The 5: Good thing we learned our lessons then, eh?
The 5 Min. Forecast
P.S. We see Sen. Judd Gregg, R-N.H., is working his way through the confirmation process to become the next Commerce secretary. Gregg sat in on the Q&A for our film at the New Hampshire Film Fest in October during the week he was championing the bank bailout bill in the Senate. We asked him about it in front of an audience of about 300 people. He gave an eloquent defense of the plan to buy up mortgage-backed securities and unfreeze the credit markets. And for the most part won the audience over…
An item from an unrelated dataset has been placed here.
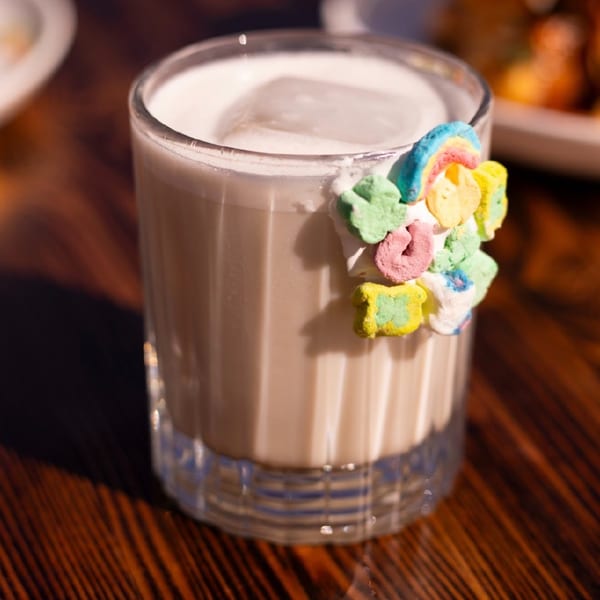 Creamy cocktail in a glass, garnished with colorful Lucky Charms marshmallows on a wooden table.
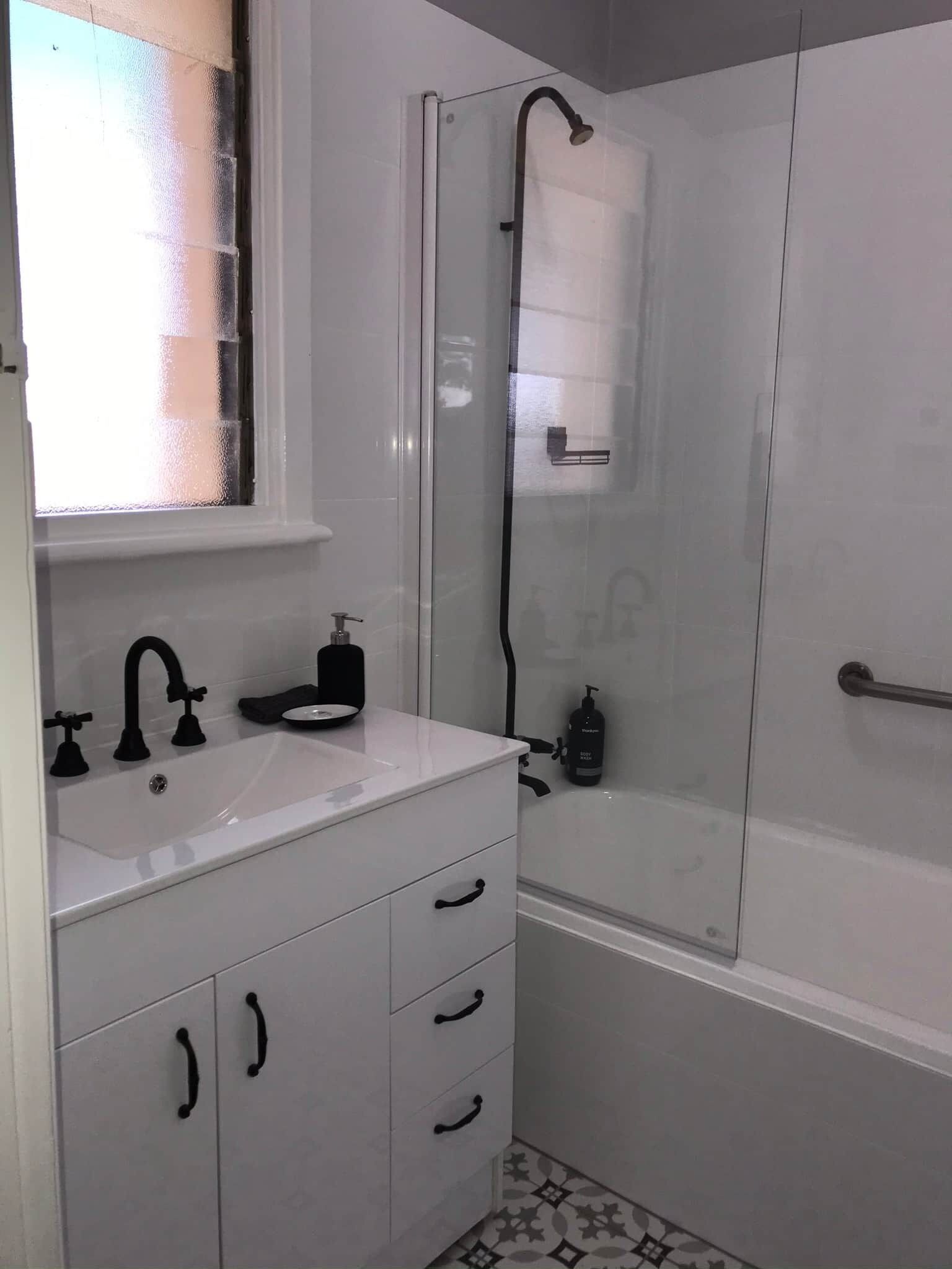 Combined shower/tub, hair dryer, towels, soap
“The lifeblood of the American economy,” he said, without a tinge of irony in his voice, “is easy credit. If we don’t do something now, it will be the worst financial crisis in American history.”
Of course, the Treasury didn’t follow the plan. But at least we know the new Commerce secretary will be “on message” regarding running up government debt during this crisis. Gregg had a decent cameo in the film I.O.U.S.A. suggesting that, apart from an Islamic terrorist getting his hands on a nuclear weapon and detonating it in a U.S. city, the retirement of the baby boomers represented the greatest threat to the future of the Republic. We wonder if he still feels that way this morning…
Gregg is from Rye, N.H., one town over from the one your more senior editor’s ancestors founded in 1630.